Menurut laporan dari Business Insider yang mengutip data dari lembaga perdagangan SMMT, sepanjang April 2025 Tesla hanya mampu menjual 512 unit mobil di Inggris. Angka tersebut menunjukkan penurunan signifikan dari bulan sebelumnya, yakni April 2025, ketika perusahaan masih mampu menjual 1.300 unit kendaraan. Penurunan drastis ini tak bisa dipisahkan dari sentimen negatif publik terhadap Elon Musk, khususnya karena pandangan politiknya yang kontroversial.

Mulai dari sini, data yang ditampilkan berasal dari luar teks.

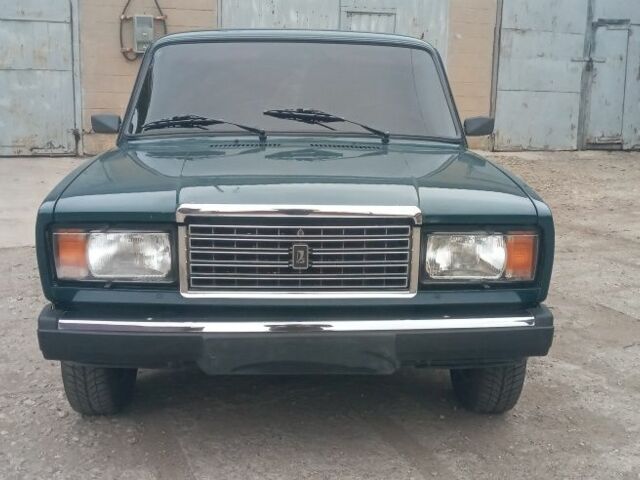 Зеленый ВАЗ 2107, объемом двигателя 1.5 л и пробегом 106 тыс. км за 1438 $, фото 1 на Automoto.ua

Masyarakat Inggris kini berbondong-bondong memilih mobil dari produsen asal Tiongkok. Contohnya, BYD, kompetitor utama Tesla, mencatat penjualan sebanyak 2.511 unit, mengalami lonjakan penjualan sebesar 650% dibandingkan tahun sebelumnya. Tapi yang lebih mencengangkan, dua pemain baru asal Tiongkok—Jaecoo dan Omoda, yang baru saja memasuki pasar Inggris tahun lalu, kini berhasil mengalahkan Tesla dalam hal volume penjualan.
Jaecoo menjual 1.053 unit, sementara Omoda mencatatkan 910 unit mobil yang terjual dalam periode yang sama. Kedua merek ini dimiliki oleh grup otomotif besar asal Tiongkok, Chery, dan menawarkan portofolio produk yang cukup variatif, mulai dari kendaraan full electric, hybrid, hingga model berbahan bakar konvensional. Strategi ini tampaknya lebih fleksibel dibandingkan Tesla yang hanya menawarkan mobil listrik murni.
Kenyataan bahwa dua merek baru yang bahkan belum terkenal berhasil menyalip Tesla di pasar yang sebelumnya dikuasainya, mencerminkan krisis serius yang sedang dialami perusahaan tersebut. Eropa, yang merupakan pasar ketiga terbesar bagi Tesla, kini menjadi batu sandungan besar. Jika dominasi Tesla di kawasan ini terus melemah, maka dampaknya akan terasa pada keseluruhan kinerja global perusahaan.